So there must be a way to exclude some properties from our warning messages. Here is how we'll make it.

First of all, I'll extract logiс of handling typos into a separate class:

public class TyposHandler
{
    private static readonly Regex Discriminator = new Regex("^Could not find member '[^']*' on object of type '[^']*'");

    private readonly List<string> _messages = new List<string>();
    private readonly List<Predicate<ErrorEventArgs>> _ignored = new List<Predicate<ErrorEventArgs>>();

    public IReadOnlyList<string> Messages => _messages;

    public void Handle(object sender, ErrorEventArgs args)
    {
        if (!Discriminator.IsMatch(args.ErrorContext.Error?.Message ?? ""))
            return;

        args.ErrorContext.Handled = true;

        if (!_ignored.Any(p => p(args)))
        {
            _messages.Add($"Property {args.ErrorContext.Member} ({args.ErrorContext.Path}) is not defined on objects of '{args.CurrentObject.GetType().Name}' class.");
        }
    }

    public void Ignore(Predicate<ErrorEventArgs> selector)
    {
        if (selector == null) throw new ArgumentNullException(nameof(selector));
        _ignored.Add(selector);
    }
}

It has Ignore method, which allows defining a predicate for ignoring some missing values. Here is how we can use it:

var jsonString = @"
[
    {
        type: 'integer',
        value: 3
    },
    {
        type: 'string',
        value: 'aaa'
    }
]
";

var handler = new TyposHandler();
handler.Ignore(e => e.CurrentObject is Value && e.ErrorContext.Member.ToString() == "type");

var settings = new JsonSerializerSettings
{
    Converters =
    {
        new StringEnumConverter {CamelCaseText = false},
        new ValueJsonConverter()
    },

    ContractResolver = new CamelCasePropertyNamesContractResolver(),
    MissingMemberHandling = MissingMemberHandling.Error,
    Error = handler.Handle
};

var result = JsonConvert.DeserializeObject<Value[]>(jsonString, settings);

foreach (var message in handler.Messages)
{
    Console.WriteLine(message);
}

Now we don't have any warning messages for 'type' property.

Incorrect path


Let me add one missing property to the JSON I want to deserialize:

[
    {
        type: 'integer',
        value: 3,
        unknown: 'aaa'
    },
    {
        type: 'string',
        value: 'aaa'
    }
]

Now I'll have the following warning message:

Property unknown (unknown) is not defined on objects of 'IntValue' class.

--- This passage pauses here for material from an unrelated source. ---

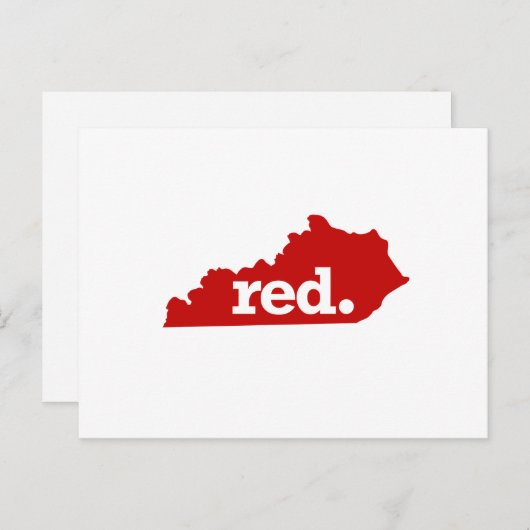 CARTE POSTALE KENTUCKY ÉTAT ROUGE (Devant / Derrière)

Do you see the problem? The path (unknown) is incorrect. It should be ([0].unknown). What is the reason for the problem?

The reason is in our ValueJsonConverter class. There we create a new standalone JObject:

JObject jObject = JObject.Load(reader);

and then populate our model from properties of this object:

serializer.Populate(jObject.CreateReader(), model);

If you look at the implementation of Path property of a JToken object, you'll see that it relies on the path of the parent token. But the object we created using JObject.Load does not have a parent. It is standalone. It means, that we lost context here.

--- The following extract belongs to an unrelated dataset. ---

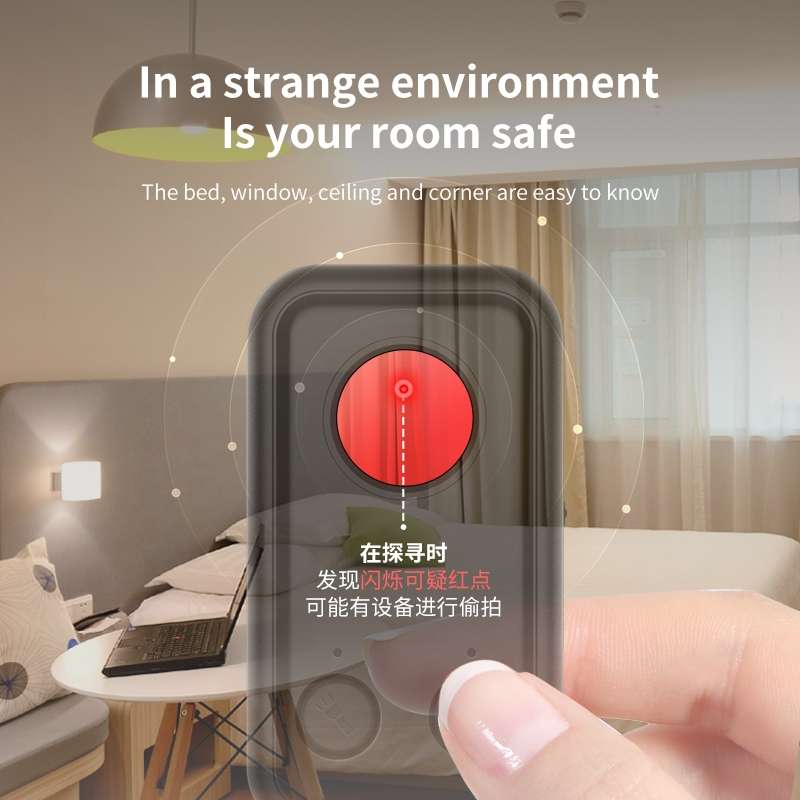 K96 Multifunctional Infrared Detector Hotel Camera Anti Candid Scanner(Black)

To fix this problem we'll introduce a stack of paths:

var jsonString = @"
[
    {
        type: 'integer',
        value: 3,
        unknown: 'aaa'
    },
    {
        type: 'string',
        value: 'aaa'
    }
]
";

var paths = new Stack<string>();

var handler = new TyposHandlerWithPath(paths);
handler.Ignore(e => e.CurrentObject is Value && e.ErrorContext.Member.ToString() == "type");

var settings = new JsonSerializerSettings
{
    Converters =
    {
        new StringEnumConverter {CamelCaseText = false},
        new ValueJsonConverterWithPath(paths)
    },

    ContractResolver = new CamelCasePropertyNamesContractResolver(),
    MissingMemberHandling = MissingMemberHandling.Error,
    Error = handler.Handle
};

var result = JsonConvert.DeserializeObject<Value[]>(jsonString, settings);

foreach (var message in handler.Messages)
{
    Console.WriteLine(message);
}

We'll pass this stack to our handler of typos and to any values converter we use. Here is how we use this stack in the ReadJson method of a value converter:

if (reader.TokenType == JsonToken.Null)
    return null;

var path = reader.Path;

// Load JObject from stream
JObject jObject = JObject.Load(reader);
if (jObject == null)
    return null;

ValueType valueType;
if (Enum.TryParse(jObject.Value<string>("type"), true, out valueType))
{
    switch (valueType)
    {
        case ValueType.String:
            var stringValueModel = new StringValue();
            _pathsStack.Push(path);
            serializer.Populate(jObject.CreateReader(), stringValueModel);
            _pathsStack.Pop();
            return stringValueModel;
        case ValueType.Integer:
            var intValueModel = new IntValue();
            _pathsStack.Push(path);
            serializer.Populate(jObject.CreateReader(), intValueModel);
            _pathsStack.Pop();
            return intValueModel;
        default:
            throw new ArgumentException($"Unknown value type '{valueType}'");
    }
}

throw new ArgumentException($"Unable to parse value object");

We'll push current path into the stack before calling serializer.Populate and pop it after the call. Now the stack will contain all parts of the full path from the root of JSON.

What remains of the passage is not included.